Action item ::
Copy out exactly the stretch below, from the line with "a living room" through the line with "kitchen with stone", both included; the pictures stay out.

Captioned web image data
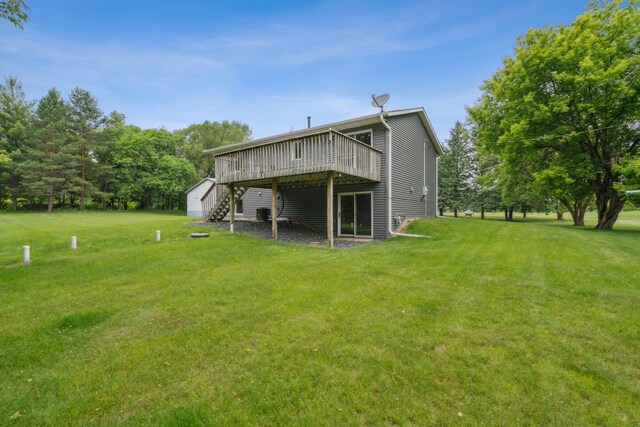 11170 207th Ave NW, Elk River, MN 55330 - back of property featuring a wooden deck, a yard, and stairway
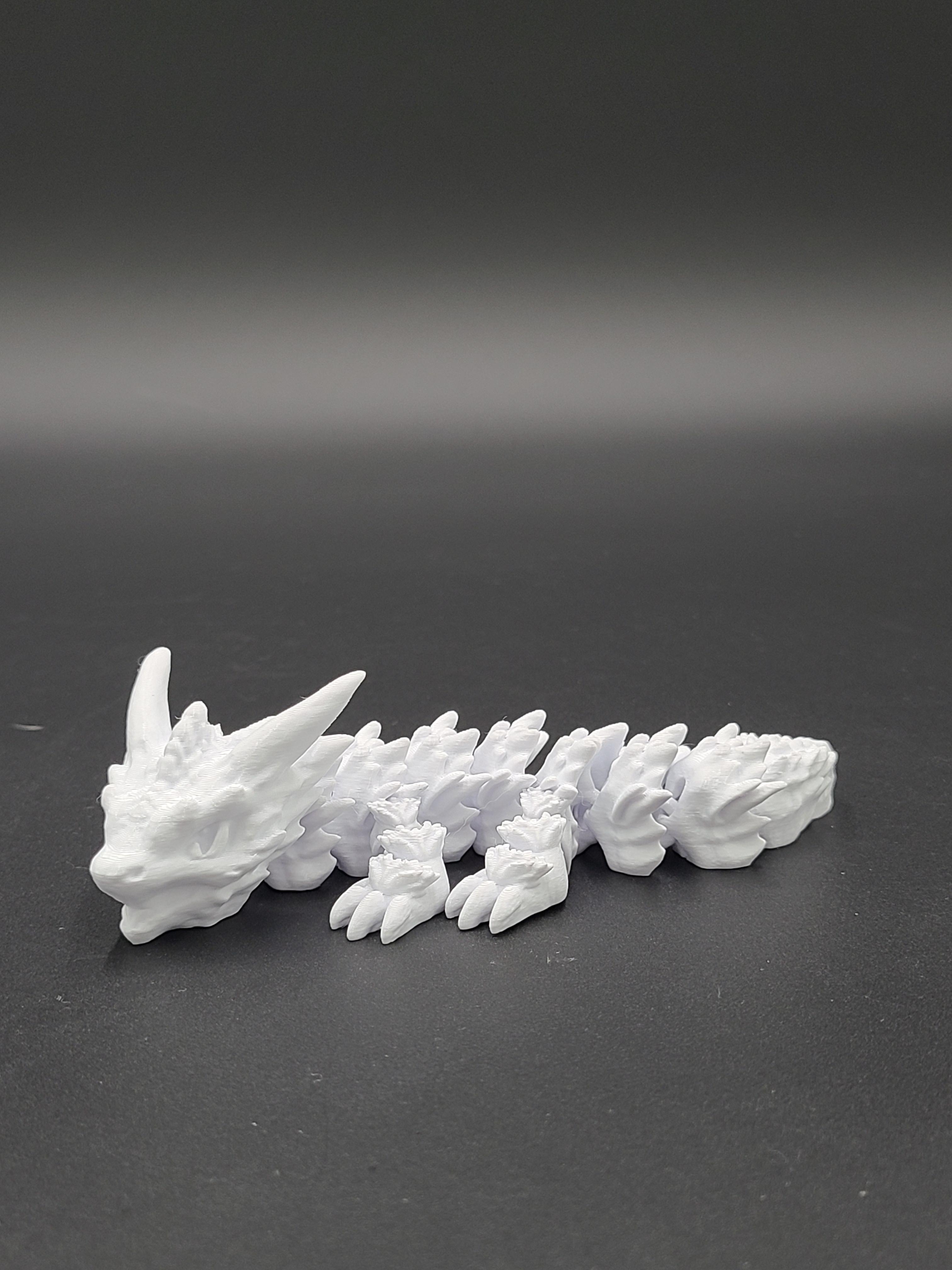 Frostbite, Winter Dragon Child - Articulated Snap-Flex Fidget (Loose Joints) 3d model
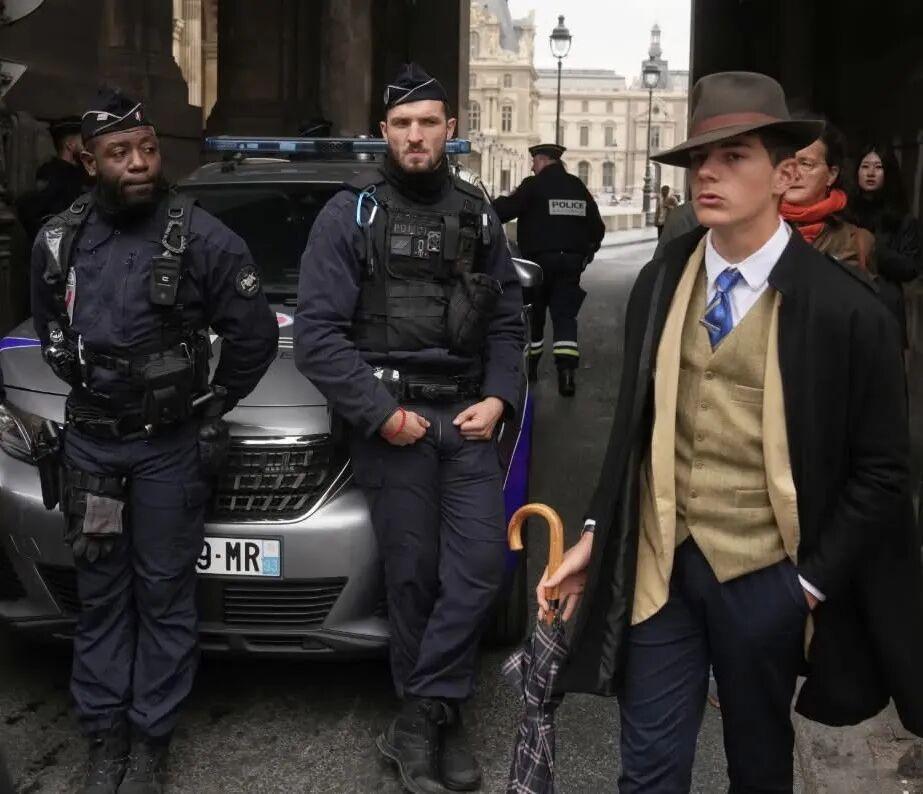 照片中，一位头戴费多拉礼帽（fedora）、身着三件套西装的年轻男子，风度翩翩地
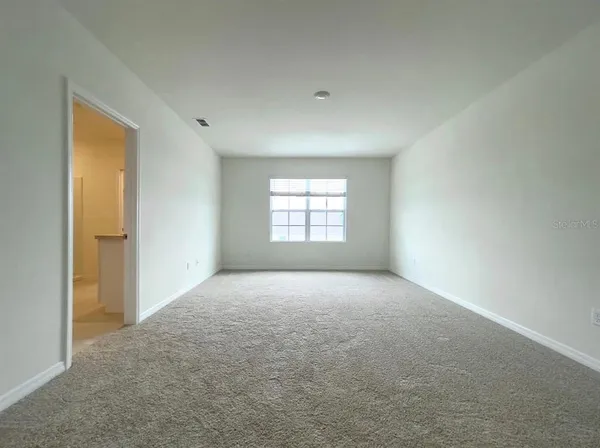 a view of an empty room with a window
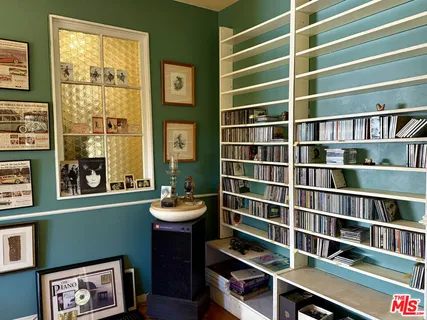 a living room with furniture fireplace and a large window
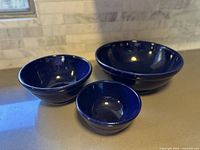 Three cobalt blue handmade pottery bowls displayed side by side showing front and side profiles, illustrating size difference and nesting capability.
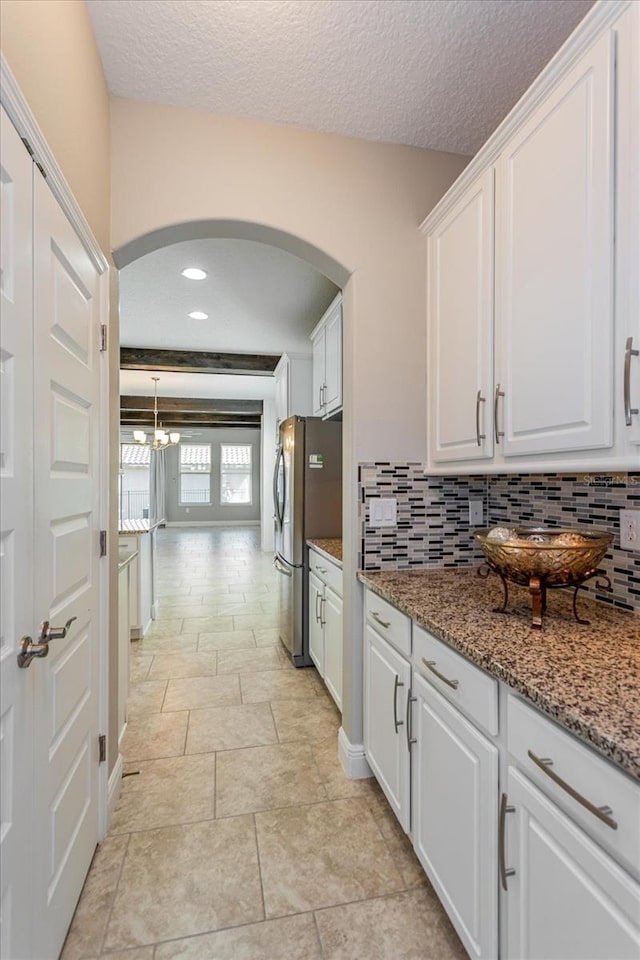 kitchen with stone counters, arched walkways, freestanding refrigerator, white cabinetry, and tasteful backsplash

==

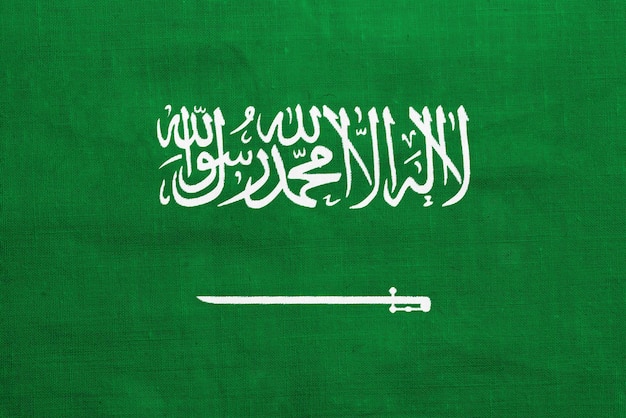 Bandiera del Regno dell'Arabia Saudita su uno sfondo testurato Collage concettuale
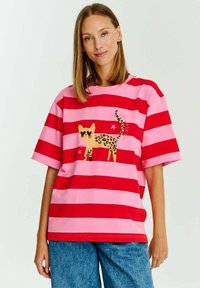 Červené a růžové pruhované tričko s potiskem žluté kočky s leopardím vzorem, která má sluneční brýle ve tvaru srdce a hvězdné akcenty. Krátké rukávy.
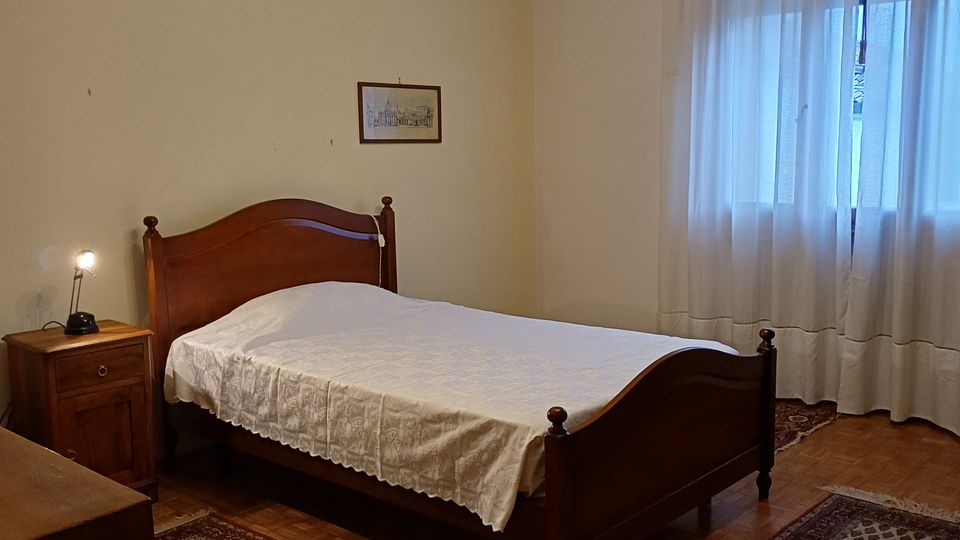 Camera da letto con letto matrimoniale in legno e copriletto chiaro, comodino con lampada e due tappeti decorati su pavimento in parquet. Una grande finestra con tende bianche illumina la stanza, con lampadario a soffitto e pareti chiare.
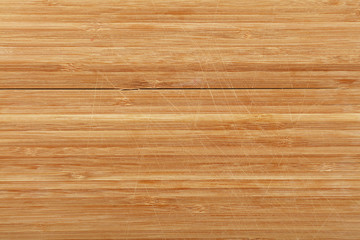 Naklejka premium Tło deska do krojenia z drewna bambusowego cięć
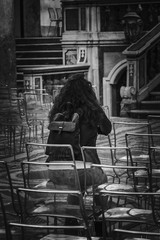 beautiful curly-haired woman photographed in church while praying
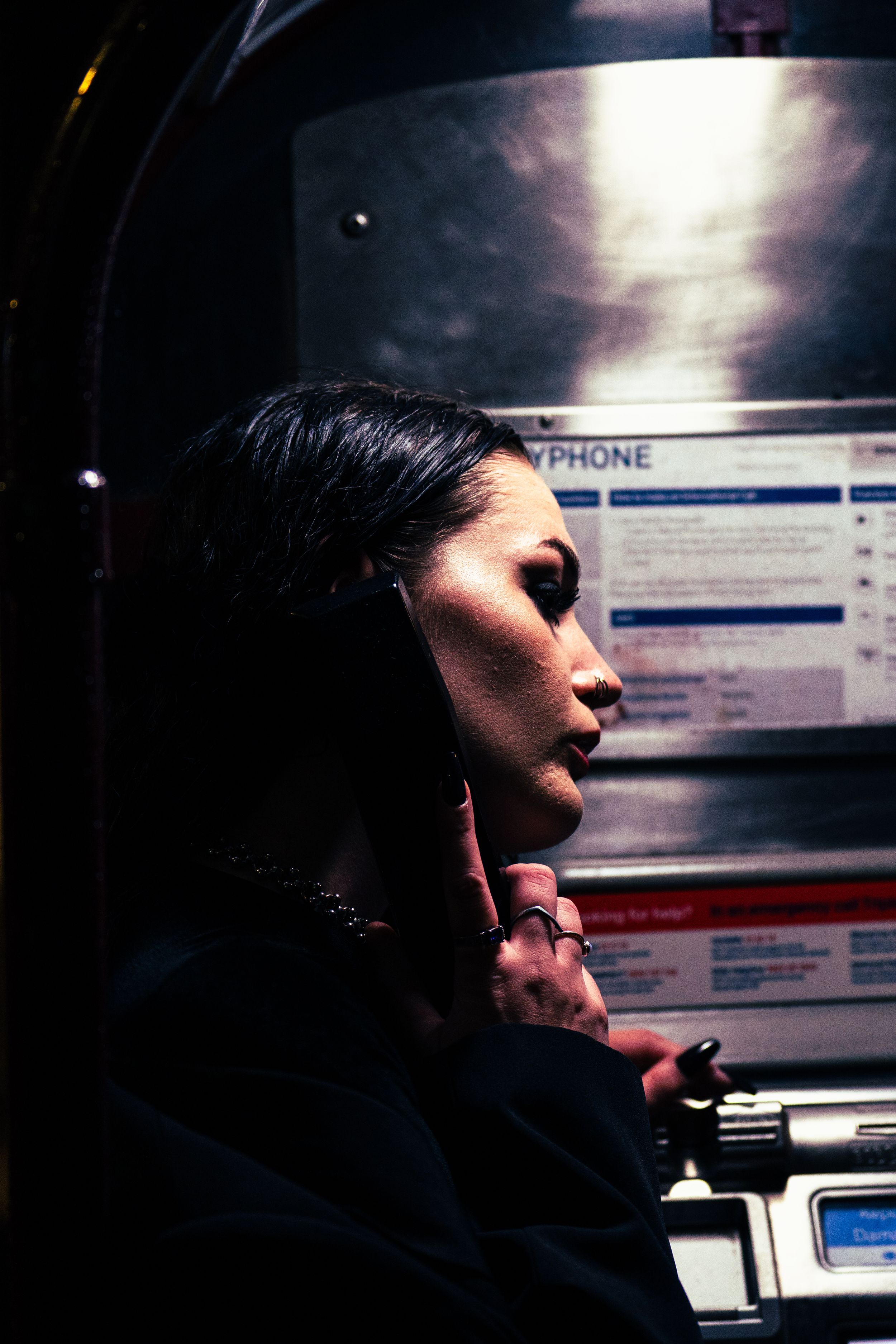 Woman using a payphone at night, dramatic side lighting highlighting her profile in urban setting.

Answer below ::
 a living room with furniture fireplace and a large window
 Three cobalt blue handmade pottery bowls displayed side by side showing front and side profiles, illustrating size difference and nesting capability.
 kitchen with stone counters, arched walkways, freestanding refrigerator, white cabinetry, and tasteful backsplash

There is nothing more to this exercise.